Only the pictures should be dropped; every line of the data must come back exactly as written.

■ Given information:
Content starts

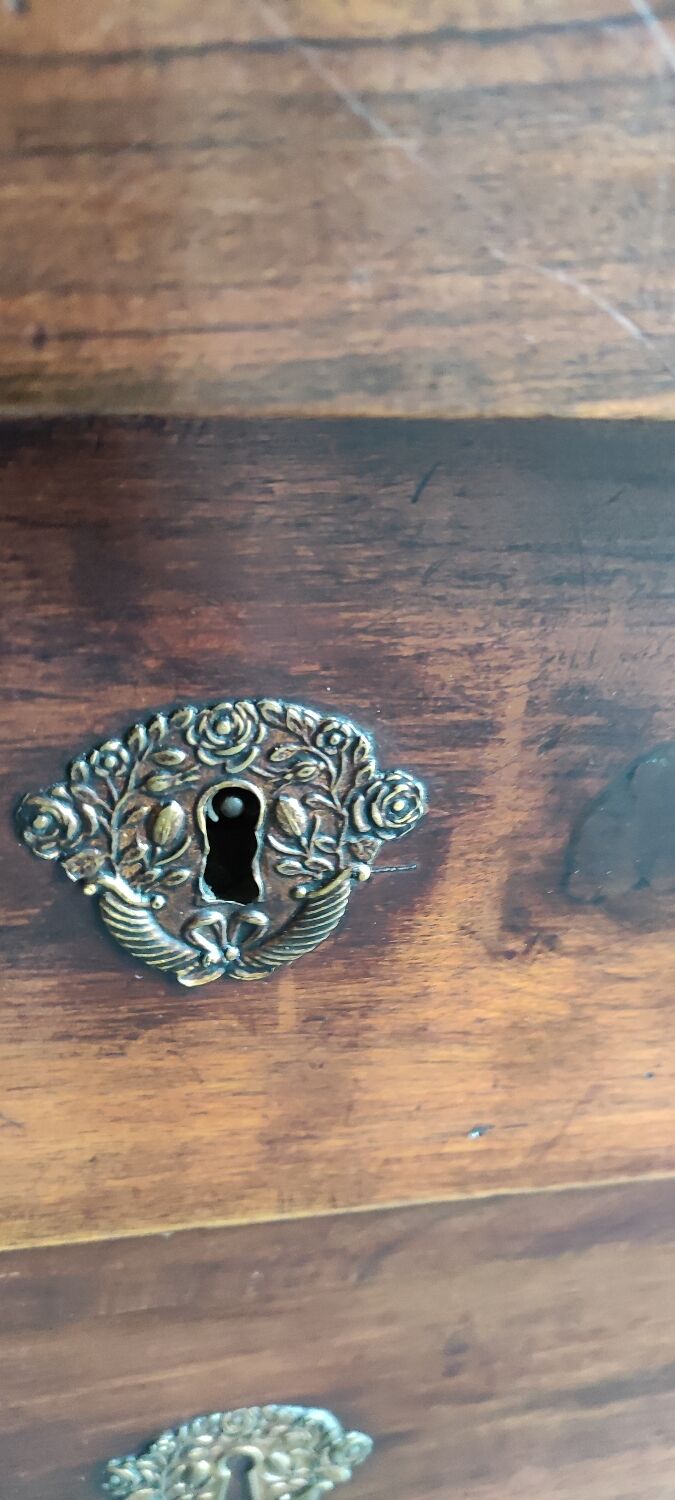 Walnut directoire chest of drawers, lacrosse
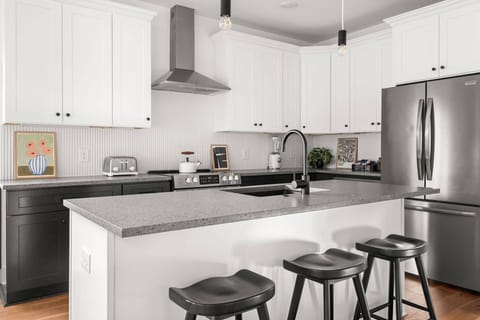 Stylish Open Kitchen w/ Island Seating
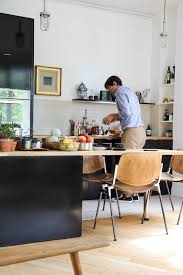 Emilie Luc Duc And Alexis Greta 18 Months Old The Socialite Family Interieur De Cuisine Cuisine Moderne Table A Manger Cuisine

Content ends

■ Answer space:
 Walnut directoire chest of drawers, lacrosse
 Stylish Open Kitchen w/ Island Seating
 Emilie Luc Duc And Alexis Greta 18 Months Old The Socialite Family Interieur De Cuisine Cuisine Moderne Table A Manger Cuisine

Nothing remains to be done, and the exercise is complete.